On August 4, at least 137 people were killed and more than 5,000 others injured as the whole city was shaken by a blast, which began as a fire at the port and exploded into a mushroom cloud. In what had been described as a huge catastrophe, Lebanon’s President, Michel Aoun said 2,750 tonnes of ammonium nitrate had been stored unsafely in a warehouse for six years and had caused the blast. Lebanon observed an official period of mourning for three days from Wednesday.
Managing Director of PNG Ports, Fego Kiniafa, said the explosion was an unfortunate incident for Lebanon and fellow port workers at the port of Beirut. “On behalf of the Board, Management and staff of PNG Ports, I would like to express our sincerest condolences to the families and friends of our fellow port and marine industry workers who were working during the unfortunate time of the blast.”
“It is an unfortunate incident, as we, at the ports, strive to ensure zero hazards all the time. Our prayers are with you all during this time of hardship,” Mr Kiniafa said.
Mr Kiniafa also assured the people of PNG that at any time, under no circumstances, where explosive materials, including ammonium nitrate, passed through the ports, there were strict laws and guidelines to ensure safe handling, storage, monitoring and transporting.
“PNG Ports ensures that explosive consignments are loaded onto vessels last to ensure they are unloaded first at the next port of call under a ‘first on, first off’ rule for handling explosives and dangerous goods. Any explosives which come into a port facility operated by PNG Ports, go direct to a Department of Transport certified off port facility referred to as a magazine.

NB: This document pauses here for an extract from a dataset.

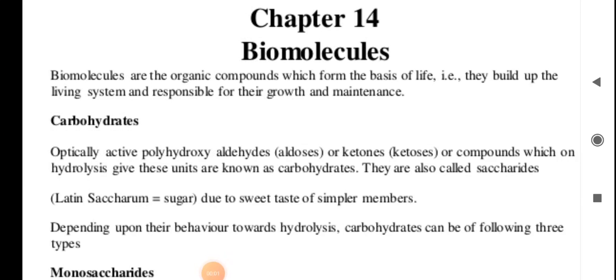Hello, this is the lesson Biomolecules, Chemistry, Talthe Standard, Chapter 14.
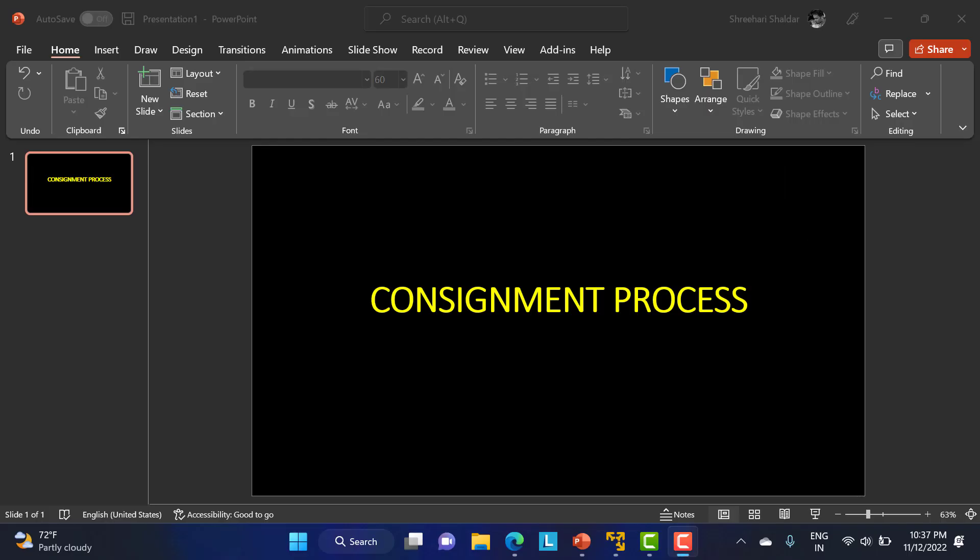In this class we're going to discuss the consignment process in SAP MM. Consignment is a special procurement in SAP MM where the vendor keeps the material within the company, but the owner of the material will be the vendor until the material is used by the company.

We are confident of the measures put in place throughout our network of ports, and our ports are safe under the existing strict operational guidelines, however, the incident in Beirut highlights the need to be ever vigilant in ensuring safety protocols are adhered to so that there is no chance whatsoever of such an incident at any of our port facilities” he said.
PNG Ports has been in operation before World War two and has been safely, efficiently and effectively facilitating maritime trade for the Pacific through the provision of berthing, pilotage and wharfage services.